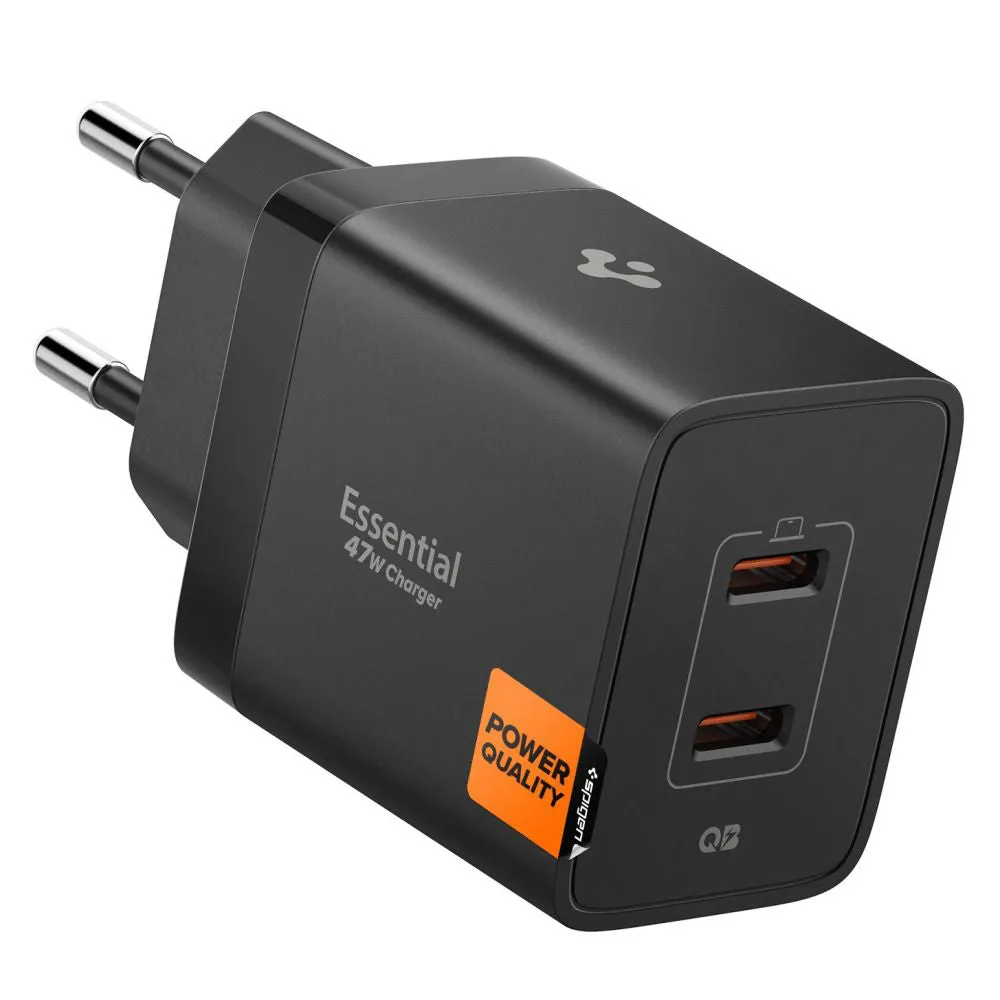 Caricabatterie Retea Spigen Essential, 47W, 3A, 2 x USB-C, Nero ACH09457 - immagine 1
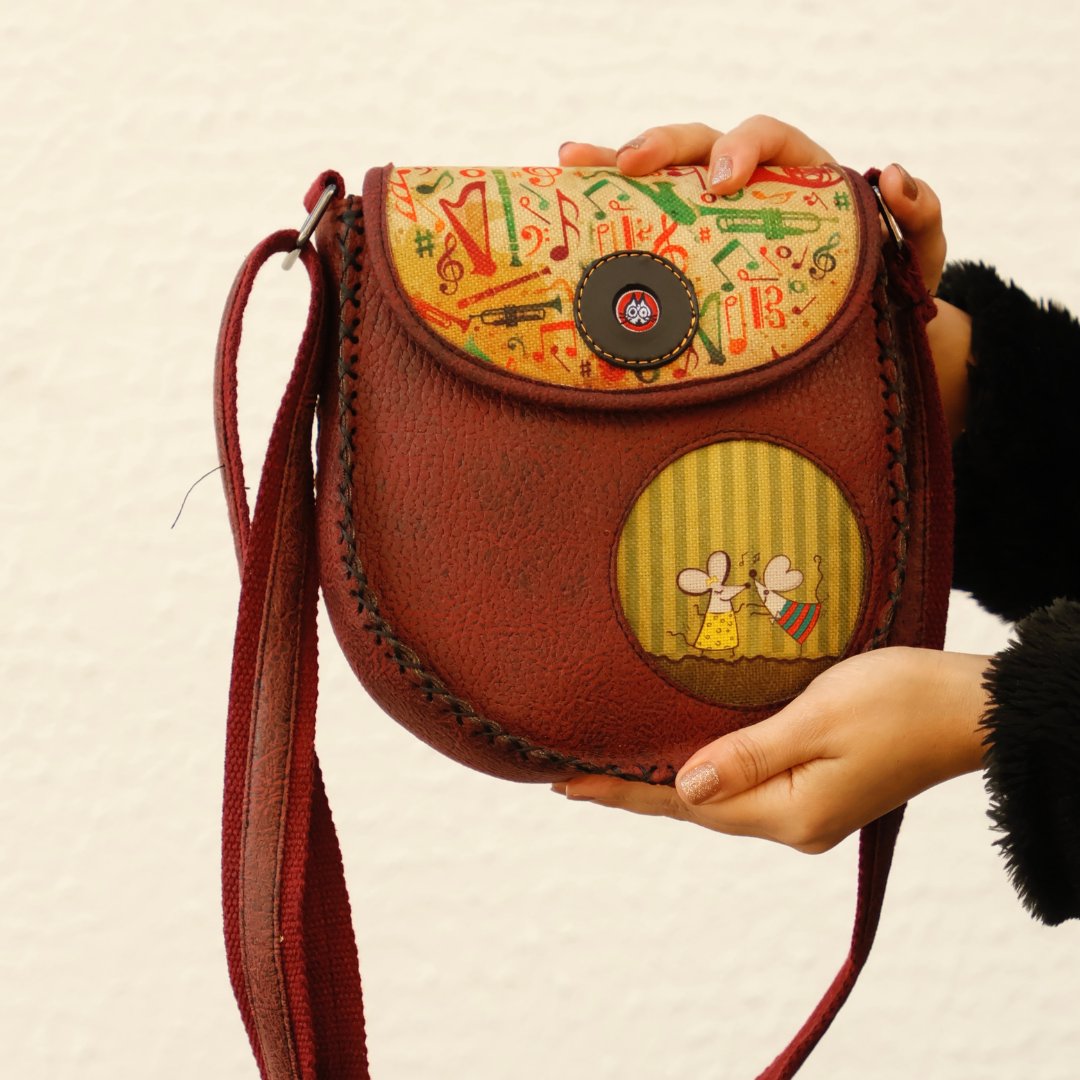 Dans Eden Fare Figürlü Çapraz Örgülü Kol Çantası Etnik Bohem Style - Bordo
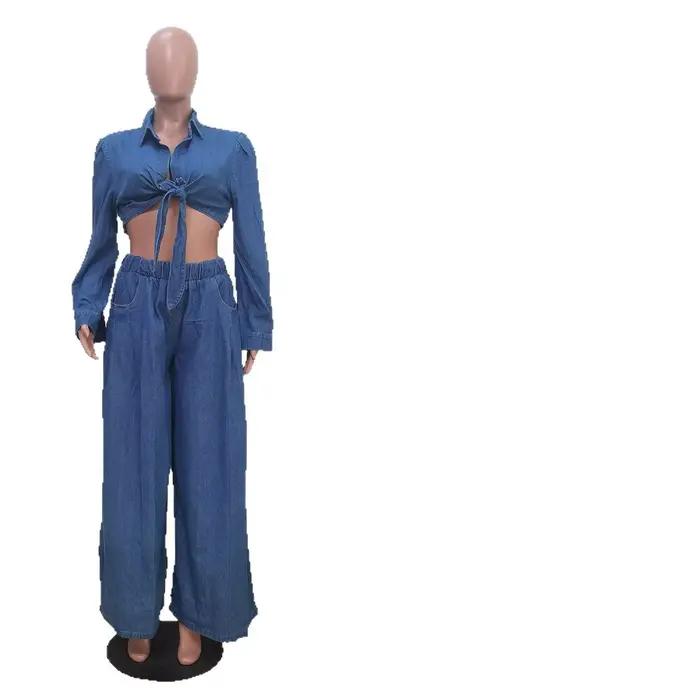 Ensemble de jeans décontractés à jambes larges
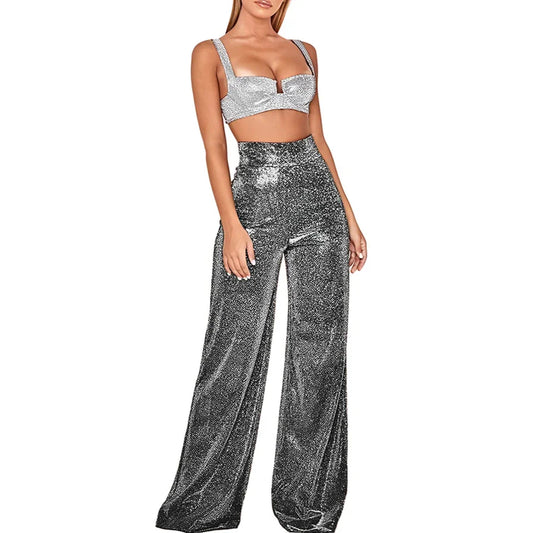 Women's Wide-Leg Trousers Glitter Shimmer Fabric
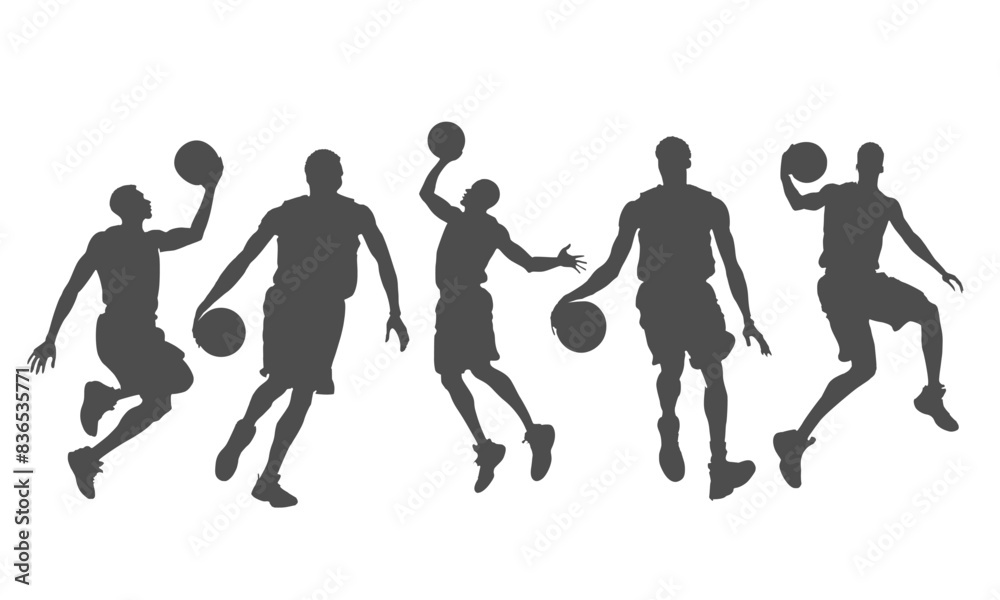 Competitive young man practicing. Icons set. Basketball player dribbling ball, training. Concept of sport, competition, active and healthy lifestyle. Competitive young man practicing. Icons set. Basketball player dribbling ball, training. Concept of sport, competition, active and healthy lifestyle.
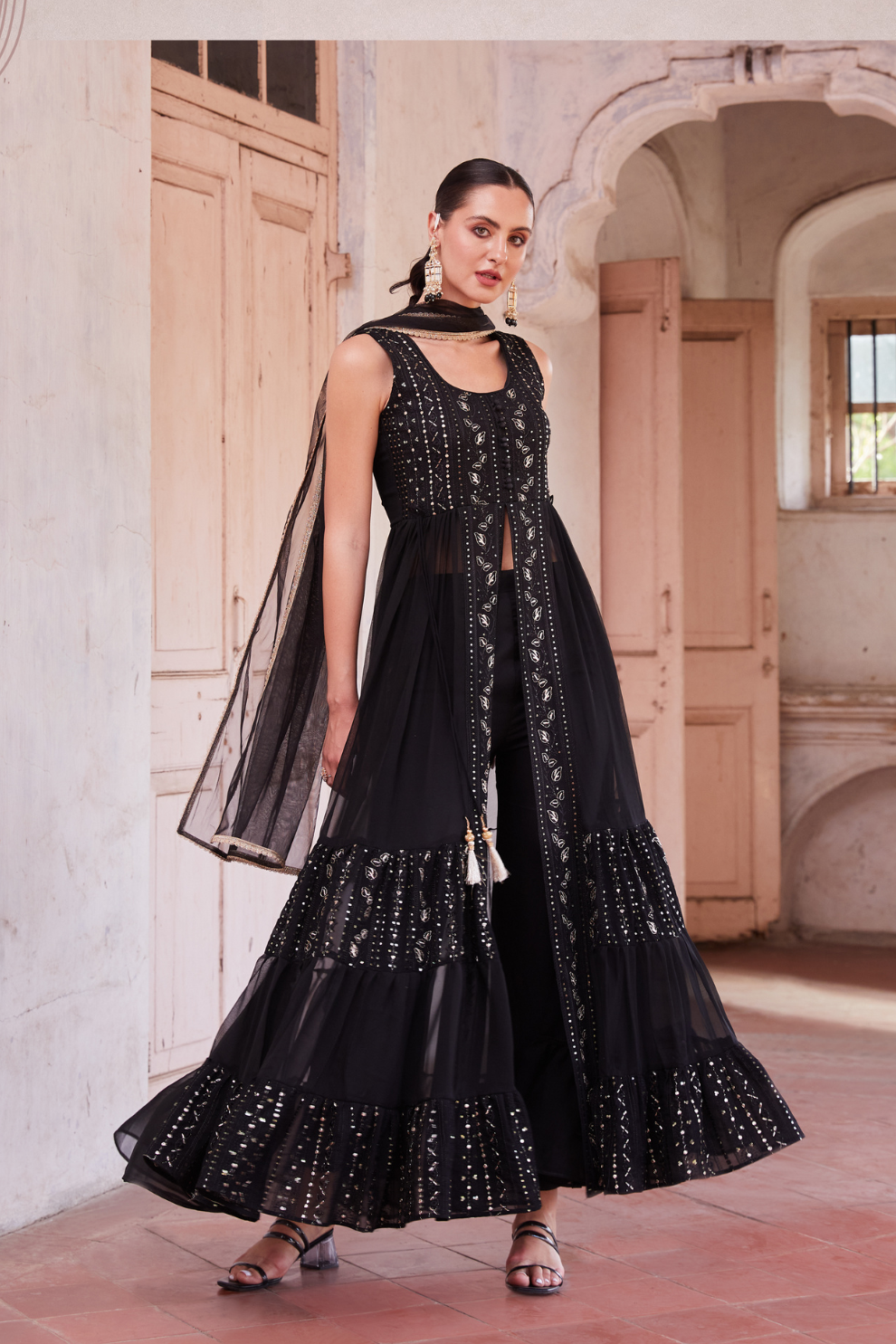 Black Anarkali Gown In Georgette With Zari Embroidery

What the task asks: Excluding pictures, reproduce the listing above exactly as it stands.

Solution to the problem:
 Caricabatterie Retea Spigen Essential, 47W, 3A, 2 x USB-C, Nero ACH09457 - immagine 1
 Dans Eden Fare Figürlü Çapraz Örgülü Kol Çantası Etnik Bohem Style - Bordo
 Ensemble de jeans décontractés à jambes larges
 Women's Wide-Leg Trousers Glitter Shimmer Fabric
 Competitive young man practicing. Icons set. Basketball player dribbling ball, training. Concept of sport, competition, active and healthy lifestyle. Competitive young man practicing. Icons set. Basketball player dribbling ball, training. Concept of sport, competition, active and healthy lifestyle.
 Black Anarkali Gown In Georgette With Zari Embroidery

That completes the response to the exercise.